Perguruan tinggi merupakan salah satu sub sistem dalam sistem pendidikan nasional, yang dapat diartikan sebagai pendidikan pada jenjang yang lebih tinggi dalam strata pendidikan formal.
Pendidikan tinggi merupakan lembaga yang diharapkan akan mendalami ilmu pengetahuan, pengembangan ilmu melalui penelitian dan menerapkan ilmu dalam pengabdian masyarakat, dan pembangunan bangsa.
Untuk mendapatkan hasil yang diharapkan, maka diperlukan suatu proses pembelajaran yang direncanakan dan dipersiapkan dengan sangat baik, dengan memberdayakan semua aspek masukan yang terkondisi secara matang.
Khusus dengan sub sistem masukan, merupakan aspek yang sangat penting dengan standard yang jelas dan terkondisi, sehingga proses pembelajaran akan dapat berlangsung dengan baik.
Belajar di pendidikan tinggi tidaklah sama dengan belajar di tingkat Sekolah Dasar dan Menengah, dimana peranan dan kesungguhan mahasiswa sangat menentukan pencapaian hasil belajar yang diharapkan, karena belajar di pendidikan tinggi bagi mahasiswa bukan sekedar menerima materi yang diberikan tenaga pengajar, tetapi justru mampu menganalisa, mengembangkan dan mengimplementasikannya kembali melalui suatu rangkaian kegiatan belajar ditengah masyarakat atau dalam pengabdian masyarakat, dan sesuai dengan ketentuan sistem kredit semester di pendidikan tinggi. Sehingga belajar diperguruan tinggi akan sangat tergantung dari diri mahasiswa sendiri.
Lusikooy, W (1983) mengemukakan bahwa: “Cara belajar di tingkat yang lebih tinggi menuntut penampilan diri dan keberanian untuk mengeluarkan pendapat, dan memaksa mahasiswa untuk berani mengeluarkan pendapat”.
Dengan mengeluarkan pendapat maka mahasiswa akan terlatih untuk mematangkan pemikirannya, dan mengupayakan penampilan yang harmonis dengan pemikirannya. Meskipun tidak dapat dihindari bahwa sering apa yang keluar, yang merupakan penampilan lahiriah, tidak selamanya sejalan dengan motivasinya yang terpendam.
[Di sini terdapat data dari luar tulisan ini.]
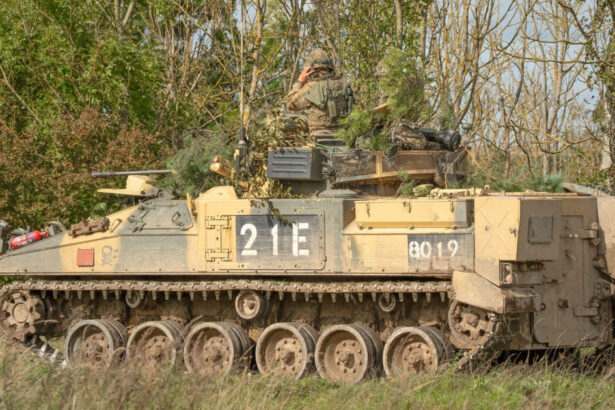 britanicii au decis ce fac cu cele 359 de vehicule de lupta ifv warrior pe care le au in plus nu ele nu vor fi transferate ucrainei 68ad92a220012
Hal ini jugalah yang diharapkan dengan adanya pengembangan belajar di perguruan tinggi dengan penerapan sistem SKS, yang mengharuskan mahasiswa lebih aktif, lebih berani, termasuk dalam mengeluarkan pendapatnya secara lebih bertanggung jawab.
Dengan sistem SKS di perguruan tinggi menunjukkan adanya beban studi yang harus ditempuh mahasiswa, baik persemester dan secara keseluruhan. Kesungguhan mahasiswa mengikuti dan melaksanakan kegiatan belajarnya akan berpengaruh dan menentukan lamanya mahasiswa menyelesaikan studinya. Kehidupan mahasiswa dalam periode perkembangan masyarakat dan bangsa dewasa ini menghadapi kompleksitas pembangunan, tentu tidak terlepas dari berbagai permasalahan yang dihadapi.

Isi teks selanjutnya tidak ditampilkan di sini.